Design a Bank Account System
OOP design for a banking system covering account types, transaction processing, overdraft protection, and thread-safe balance operations.
The Problem
Your fintech startup processes 50,000 transactions per day. Last week, two customers reported negative balances on savings accounts that should never go below zero. The root cause: a race condition in the withdrawal logic. One thread checked the balance, another thread processed a debit in between, and the first thread completed its withdrawal against a stale balance.

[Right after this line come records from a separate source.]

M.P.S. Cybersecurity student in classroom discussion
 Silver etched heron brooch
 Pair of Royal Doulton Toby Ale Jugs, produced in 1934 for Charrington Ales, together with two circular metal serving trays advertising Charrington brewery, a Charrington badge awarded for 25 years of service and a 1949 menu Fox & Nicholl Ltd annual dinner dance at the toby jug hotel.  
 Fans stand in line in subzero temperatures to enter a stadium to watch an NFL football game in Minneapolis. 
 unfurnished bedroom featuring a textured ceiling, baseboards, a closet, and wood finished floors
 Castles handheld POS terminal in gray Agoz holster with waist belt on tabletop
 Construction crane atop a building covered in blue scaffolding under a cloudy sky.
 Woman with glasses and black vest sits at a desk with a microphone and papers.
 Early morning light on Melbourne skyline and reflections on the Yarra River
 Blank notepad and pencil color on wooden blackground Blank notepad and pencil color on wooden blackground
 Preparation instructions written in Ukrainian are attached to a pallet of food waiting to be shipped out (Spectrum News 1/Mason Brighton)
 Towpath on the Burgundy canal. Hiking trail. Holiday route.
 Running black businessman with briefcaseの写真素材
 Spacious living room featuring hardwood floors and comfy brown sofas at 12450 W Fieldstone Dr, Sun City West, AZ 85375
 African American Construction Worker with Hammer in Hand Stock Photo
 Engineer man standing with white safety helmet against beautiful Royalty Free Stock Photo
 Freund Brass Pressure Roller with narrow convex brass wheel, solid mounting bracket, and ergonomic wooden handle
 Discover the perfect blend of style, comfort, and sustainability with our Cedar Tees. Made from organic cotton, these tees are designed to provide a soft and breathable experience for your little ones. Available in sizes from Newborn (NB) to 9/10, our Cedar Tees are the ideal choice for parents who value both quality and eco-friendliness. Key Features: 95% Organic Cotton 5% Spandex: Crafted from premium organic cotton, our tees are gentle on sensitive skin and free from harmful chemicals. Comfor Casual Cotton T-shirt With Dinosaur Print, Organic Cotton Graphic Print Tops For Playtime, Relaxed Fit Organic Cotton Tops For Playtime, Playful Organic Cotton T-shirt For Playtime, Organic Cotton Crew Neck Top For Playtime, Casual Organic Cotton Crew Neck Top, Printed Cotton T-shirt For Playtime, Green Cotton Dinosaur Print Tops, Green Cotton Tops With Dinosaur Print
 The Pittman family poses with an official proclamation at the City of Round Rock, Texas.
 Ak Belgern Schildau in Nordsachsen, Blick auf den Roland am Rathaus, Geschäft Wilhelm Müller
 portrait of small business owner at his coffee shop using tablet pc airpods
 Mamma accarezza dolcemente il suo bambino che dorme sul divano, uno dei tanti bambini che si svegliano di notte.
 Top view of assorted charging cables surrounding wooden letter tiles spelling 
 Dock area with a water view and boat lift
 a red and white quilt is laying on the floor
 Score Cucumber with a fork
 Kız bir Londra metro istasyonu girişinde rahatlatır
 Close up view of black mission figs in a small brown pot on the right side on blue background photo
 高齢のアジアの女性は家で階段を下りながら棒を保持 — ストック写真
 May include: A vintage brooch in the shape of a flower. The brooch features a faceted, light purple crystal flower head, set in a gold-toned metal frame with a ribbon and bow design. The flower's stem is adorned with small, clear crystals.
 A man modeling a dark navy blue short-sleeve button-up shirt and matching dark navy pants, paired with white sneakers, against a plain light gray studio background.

The post-mortem also revealed that adding a new account type (fixed deposit) required changes in 14 different files because account rules were scattered across switch statements.
A bank account system is a classic OOP problem that tests your ability to model entities with shared behavior but different rules. Savings accounts earn compound interest but prohibit overdrafts. Checking accounts allow overdrafts up to a limit but earn no interest. Transfers between accounts must be atomic: debit one and credit the other, or neither.
Design the core classes for a banking system that handles multiple account types, transaction processing with overdraft protection, interest calculation, and thread-safe balance operations.
Requirements
Clarifying Questions
Before jumping into class design, ask questions to turn the vague prompt into a concrete specification. Cover four areas: core actions, error handling, boundaries, and future extensions.
You: "What account types do we need to support?"
Interviewer: "Savings and checking for now. But we plan to add fixed deposit accounts soon."
That tells you account types need to be extensible. Hard-coded type checks will not survive.
You: "Can savings accounts go negative, or is that checking-only?"
Interviewer: "Savings accounts cannot go below zero. Checking accounts have a configurable overdraft limit."
Good. Different withdrawal rules per account type. This is a strong signal for polymorphism.
You: "How does interest work? Same formula for all accounts?"
Interviewer: "Savings uses compound interest. Checking earns nothing. Fixed deposit uses simple interest. The rate varies by account."
Three different interest strategies. This practically screams Strategy pattern.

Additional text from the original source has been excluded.